Formación de imágenes de tumores in vivo con GSAO marcado con un colorante fluorescente del infrarrojo cercano Métodos

Se administraron 0,8 mg/kg de GSAO-Cy^{TM}5.5, GSAA-Cy^{TM}5.5 o el colorante Cy^{TM}5.5 solo en 0,1 ml de PBS que contenía glicocola 20 mM a ratones C57BL/6 (Jackson Labs, Bar Harbor, Maine, EE.UU.) que portaban tumores pulmonares de Lewis subcutáneos, ratones SCID (Massachusetts General Hospital, Boston, Massachusetts, EE.UU.) que portaban tumores subcutáneos BxPC-3 o ratones TRAMP (Greenberg et al., 1995), mediante inyección subcutánea en la ijada trasera derecha. Los tumores subcutáneos se establecieron en la superficie dorsal proximal.

El sistema formador de imágenes usaba un microscopio de fluorescencia Leica Microsystems (Allendale, New Jersey, EE.UU.) con una fuente de lámpara halógena de 100 W y un sistema filtrante para Cy^{TM}5.5 (Chroma Technology, Brattleboro, Vermont, EE.UU.). Se confinaron ratones anestesiados en una caja a prueba de luz y se detectó la fluorescencia mediante un dispositivo monocromo de carga acoplada de 12 bits (Photometrics, Tucson, Arizona, EE.UU.). El tiempo de exposición fue 8 segundos, con imágenes digitalmente adquiridas como archivos Tiff de 16 bits en IPLab (Scananalytics, Fairfax, Virginia, EE.UU.). También se adquirieron imágenes de los tumores con luz blanca.

Resultados

Cy^{TM}5.5 es un colorante fluorescente del infrarrojo cercano que ha sido utilizado para formar imágenes de tumores in vivo (Weissleder et al., 1999). Se administraron 0,8 mg/kg de GSAO-Cy^{TM}5.5, mediante inyección subcutánea, a ratones C57BL/6 que portaban tumores pulmonares murinos de Lewis de \sim 0,3 g y se adquirieron imágenes de fluorescencia empezando en la hora 1 y acabando a las 48 horas después de la inyección. En la Figura 11c (A) se muestra la imagen de un tumor pulmonar de Lewis con luz blanca. En la Figura 11c (B) se muestra la misma vista a través del filtro de infrarrojo cercano una hora después de la inyección.

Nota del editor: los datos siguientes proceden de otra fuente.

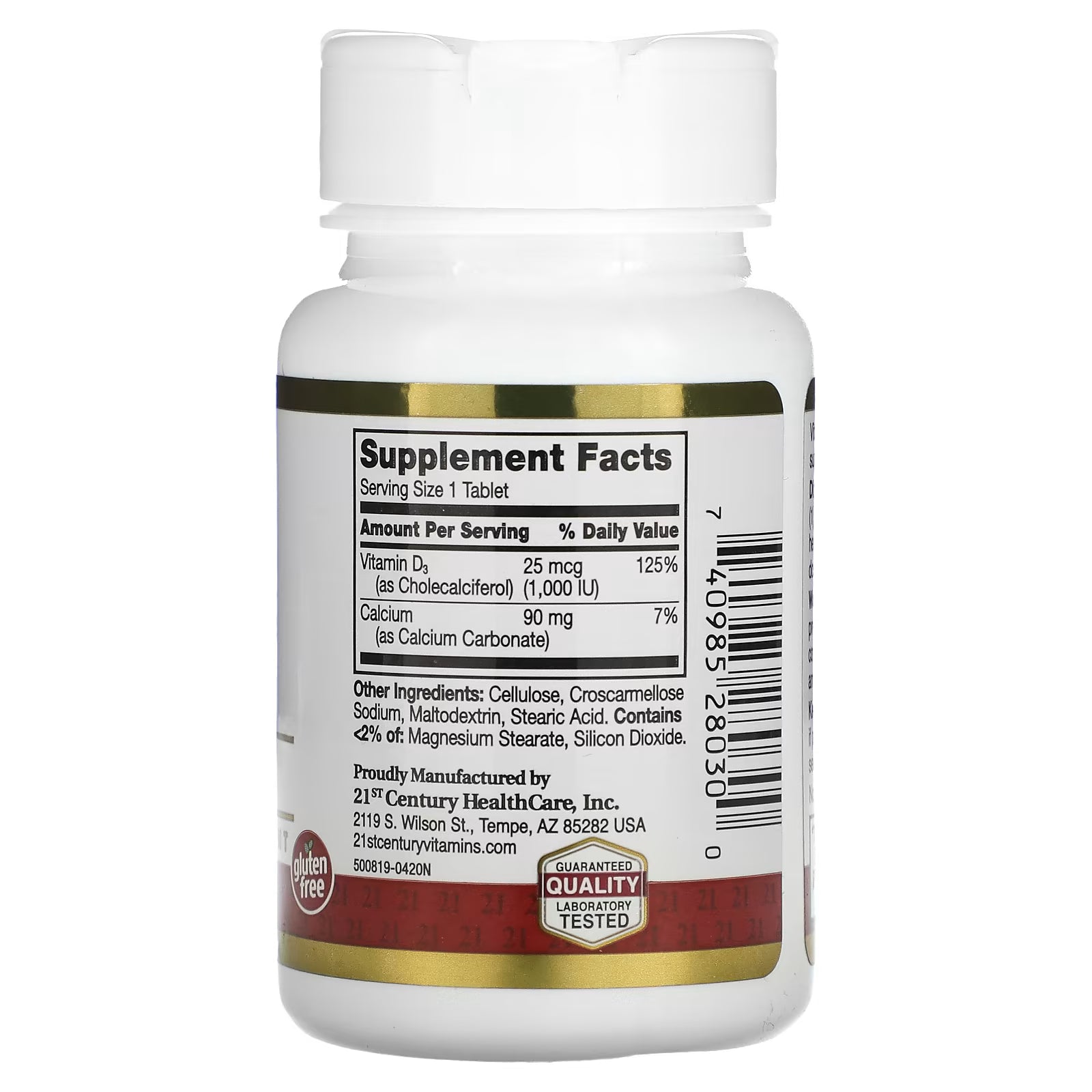 21st Century D3 25 mcg (1,000 IU) 60 Tablets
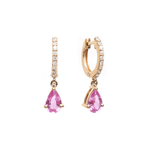 Earrings Rose Gold / 14K 14K and 18K Gold Pink Sapphire Pear Dangle Huggie Hoop Earrings
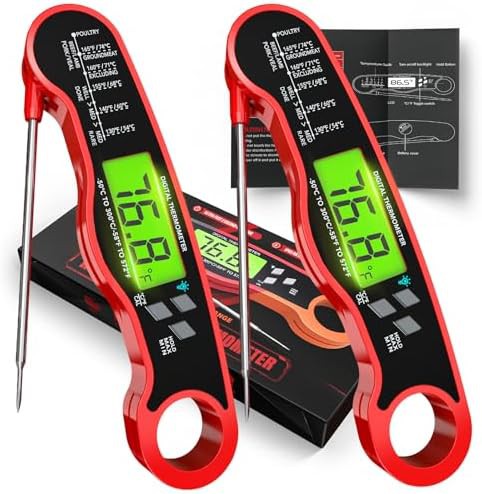 Red foldable digital instant read two pack
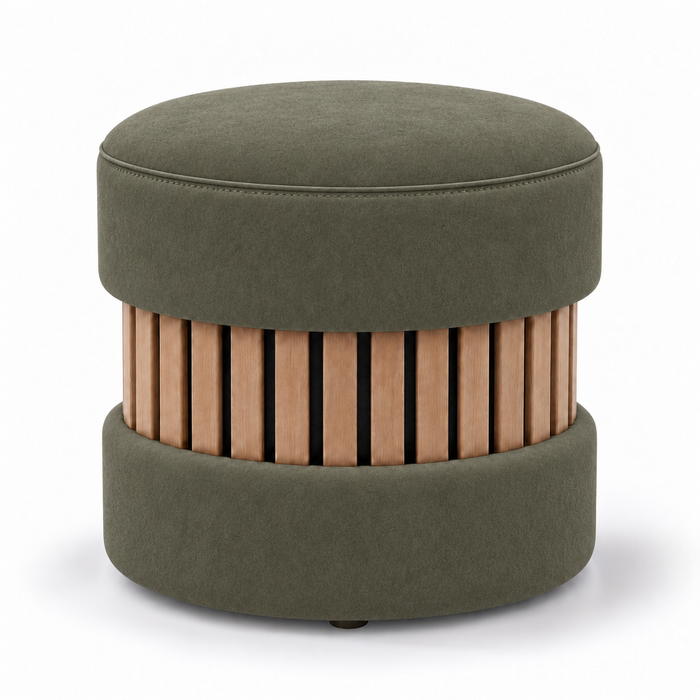 Pouf Wood Duo rigido in tessuto Antimacchia Nabù con tecnologia Aquaclean, Avalon per interno dim: Ø45xH43 cm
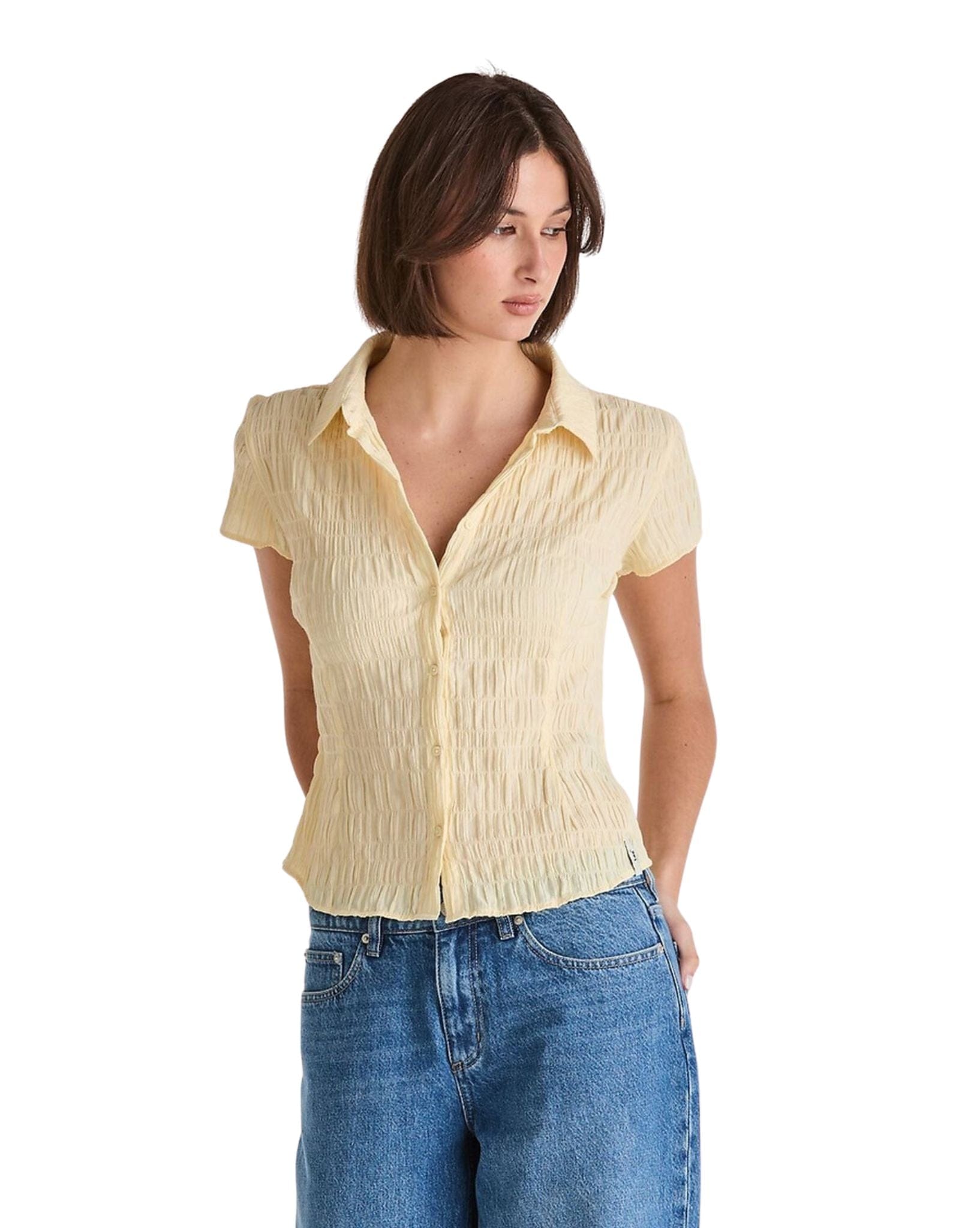 Lee Textured Slim Shirt Lemon Spritz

Las imágenes muestran que el GSAO-Cy^{TM}5.5 había sido absorbido por la vasculatura y marcaba la piel así como el tumor. En las Figuras 11c (C) y 11c (D) se muestran, respectivamente, imágenes de fluorescencia de la piel dorsal y el tumor 24 horas después de la inyección. El GSAO-Cy^{TM}5.5 había sido aclarado de la mayoría de la vasculatura y sólo quedaba marcado el tumor. Un examen de la orina indicaba la excreción del GSAO-Cy^{TM}5.5 en menos de una hora después de la inyección, con una intensidad máxima a las 4-8 horas (no mostrado). Un examen ulterior de los tumores a las 30, 36 y 48 horas demostró una relación máxima de señal tumoral a señal de fondo a las 24 horas, quedando poca señal a las 48 horas. Ni GSAA-Cy^{TM}5.5 ni Cy^{TM}5.5 marcaron los tumores pulmonares de Lewis (no mostrado). Utilizando GSAO-Cy^{TM}5.5, también se obtuvie-
ron imágenes de tumores de fibrosarcoma T241 murino desarrollados en el dorso de ratones C57BL/6 (no mostrado).

También se marcaron tumores humanos desarrollados en ratones inmunodeficientes, mediante GSAO-Cy^{TM}5.5. Se administraron 0,8 mg/kg de GSAO-Cy^{TM}5.5, mediante inyección subcutánea, a ratones SCID que portaban tumores de carcinoma pancreático BxPC-3 humano de \sim 0,3 g y se adquirieron imágenes de fluorescencia 1 y 24 horas después de la inyección. Se observó de nuevo una excelente relación de señal a fondo para el tumor a las 24 horas usando GSAO-Cy^{TM}5.5 [Figura 11d (C)]. Ni GSAA-Cy^{TM}5.5 [Figura 11d (B)] ni Cy^{TM}5.5 [Figura 11d (D)] marcaron los tumores BxPC-3. Se extirparon el hígado, el corazón, los pulmones, la vejiga y los riñones y se examinaron en cuanto a GSAO-Cy^{TM}5.5. Sólo la vejiga y los riñones presentaban evidencia de una señal en el infrarrojo cercano (no mostrado). Además, usando GSAO-Cy^{TM}5.5, también se obtuvieron imágenes de tumores embrionarios CRL-1973 humanos desarrollados subcutáneamente en el dorso de ratones SCID, y de células prostáticas LnCaP humanas desarrolladas en la próstata de ratones SCID (no mostrado). Estos resultados indican que GSAO-Cy^{TM}5.5 puede formar imágenes de tumores tanto murinos como humanos en diferentes cepas de ratones.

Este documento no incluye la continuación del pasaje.